- 
                Notifications
    You must be signed in to change notification settings 
- Fork 2.2k
Description
Intro
Current pybind11 functional type_caster support invoking callbacks passed from Python in async way, i.e. from multiple C++ threads. It implements that by holding GIL while functor is being executed according to following essential code from type_caster::load() that initializes value member:
...
		value = [func](Args... args) -> Return {
			gil_scoped_acquire acq;
			object retval(func(std::forward<Args>(args)...));
			/* Visual studio 2015 parser issue: need parentheses around this expression */
			return (retval.template cast<Return>());
		};Notice the sentence gil_scoped_acquire acq; that captures and releases GIL in RAII fashion.
Problem
Problem with code above is that destruction of value (and captured Python functor func) happens after GIL has been released.

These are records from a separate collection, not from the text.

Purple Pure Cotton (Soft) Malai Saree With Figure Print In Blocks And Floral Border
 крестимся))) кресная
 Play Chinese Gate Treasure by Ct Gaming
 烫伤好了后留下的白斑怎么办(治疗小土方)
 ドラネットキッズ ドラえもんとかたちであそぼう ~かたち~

Then, if functor func is for example Python lambda that captures some variables, these variables are being freed (reference counter decremented) when GIL is no longer held.

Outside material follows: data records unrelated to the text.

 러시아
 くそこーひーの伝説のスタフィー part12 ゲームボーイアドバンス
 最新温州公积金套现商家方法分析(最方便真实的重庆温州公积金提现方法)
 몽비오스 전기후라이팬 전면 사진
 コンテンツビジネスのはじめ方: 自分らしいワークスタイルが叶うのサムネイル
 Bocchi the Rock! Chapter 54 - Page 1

Notice that all this process of functor invoke and destruction can execute in some worker C++ thread and that leads to UB (immediate terminate in my experience).

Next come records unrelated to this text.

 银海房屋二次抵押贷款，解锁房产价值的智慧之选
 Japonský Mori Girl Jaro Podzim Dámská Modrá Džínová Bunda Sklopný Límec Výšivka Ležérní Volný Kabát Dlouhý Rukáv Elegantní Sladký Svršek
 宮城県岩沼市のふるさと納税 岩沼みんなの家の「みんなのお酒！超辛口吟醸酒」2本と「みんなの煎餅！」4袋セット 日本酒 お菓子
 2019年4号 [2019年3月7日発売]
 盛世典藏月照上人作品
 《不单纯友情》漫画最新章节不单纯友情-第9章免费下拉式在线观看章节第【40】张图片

Problem isn't arising If func is pure function or a stateless lambda.
Solution
I've made a workaround to this issue by replacing the code above with the following:
...
		// dynamically allocated lambda that actually invokes passed functor
		auto f = new auto([func](Args... args) -> Return {
			object retval(func(std::forward<Args>(args)...));
			/* Visual studio 2015 parser issue: need parentheses around this expression */
			return (retval.template cast<Return>());
		});
		if(!f) return false;
		// ensure GIL is released AFTER functor destructor is called
		value = [f](Args... args) -> Return {
			gil_scoped_acquire acq;
			(*f)(std::forward<Args>(args)...);
			delete f;
		};Basically what it does -- it keeps captured GIL until functor is finished and completely destructed. This approach completely cures the problem.
However the downside is that it dynamically allocates the inner lambda (that actually invokes func). With C++17 lambda will be constructed in-place without copy/move involved. But still this proposal may be sub-optimal.
So, I'm calling for core devs here for looking into this issue because it leads to rather severe limitations of Python callbacks usage.